(Assignment)
Your output should be exactly the lines from the one containing "6 Accessories to" through the last line of the listing, and nothing else. Pictures stay out.

(Data below)
_ _ _ _ _
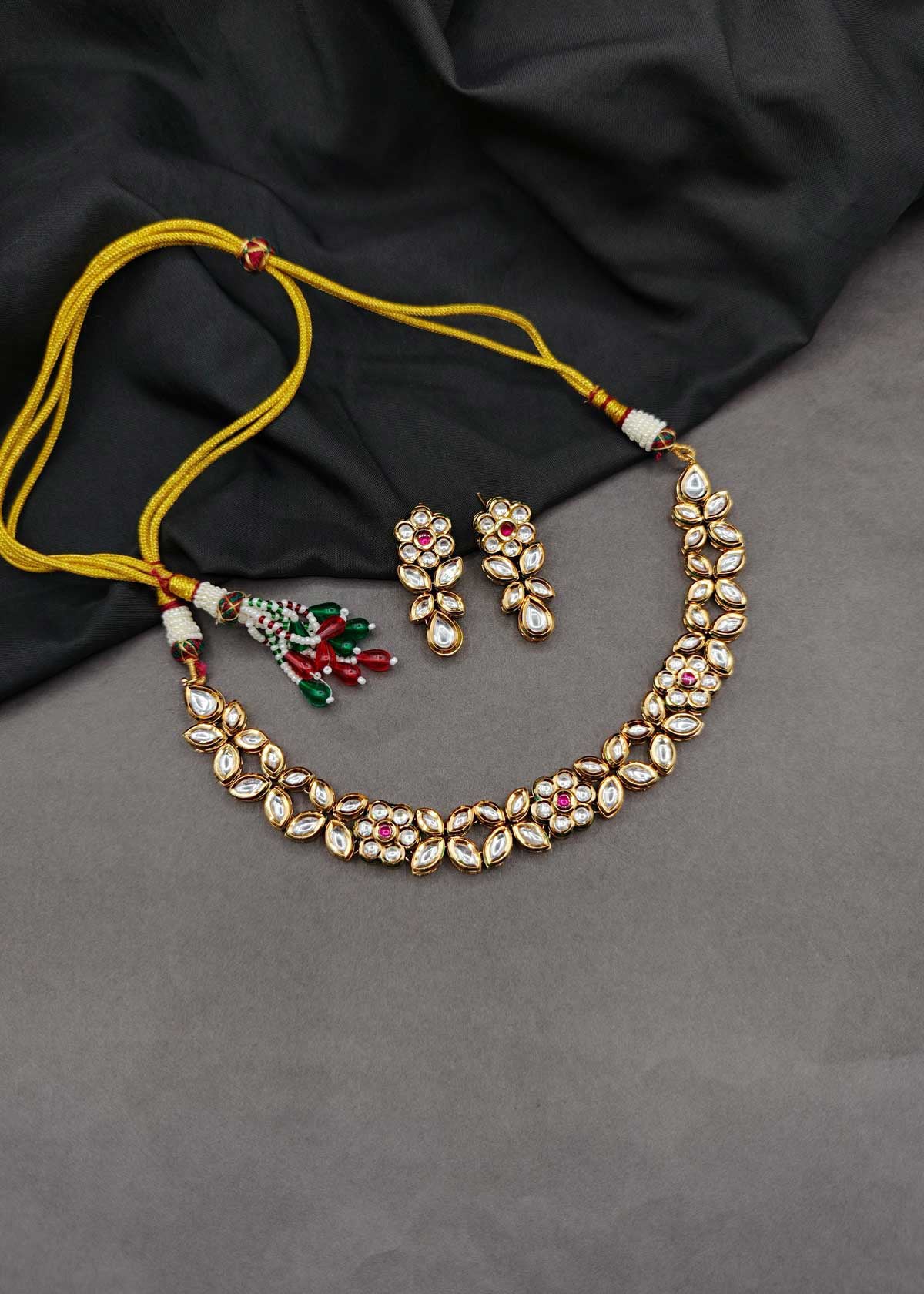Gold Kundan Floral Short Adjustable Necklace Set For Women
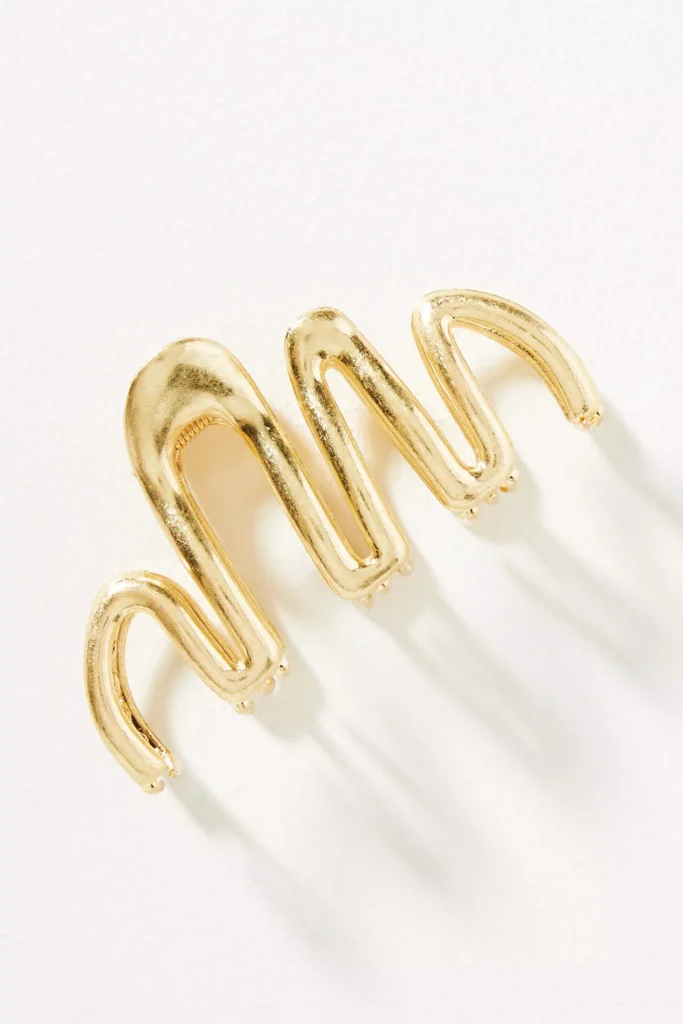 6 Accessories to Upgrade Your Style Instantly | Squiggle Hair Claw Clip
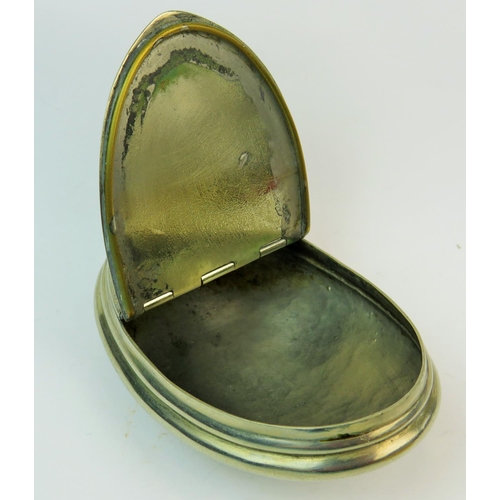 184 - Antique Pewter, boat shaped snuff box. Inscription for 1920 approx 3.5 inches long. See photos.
_ _ _ _ _
(Output below)
 6 Accessories to Upgrade Your Style Instantly | Squiggle Hair Claw Clip
 184 - Antique Pewter, boat shaped snuff box. Inscription for 1920 approx 3.5 inches long. See photos.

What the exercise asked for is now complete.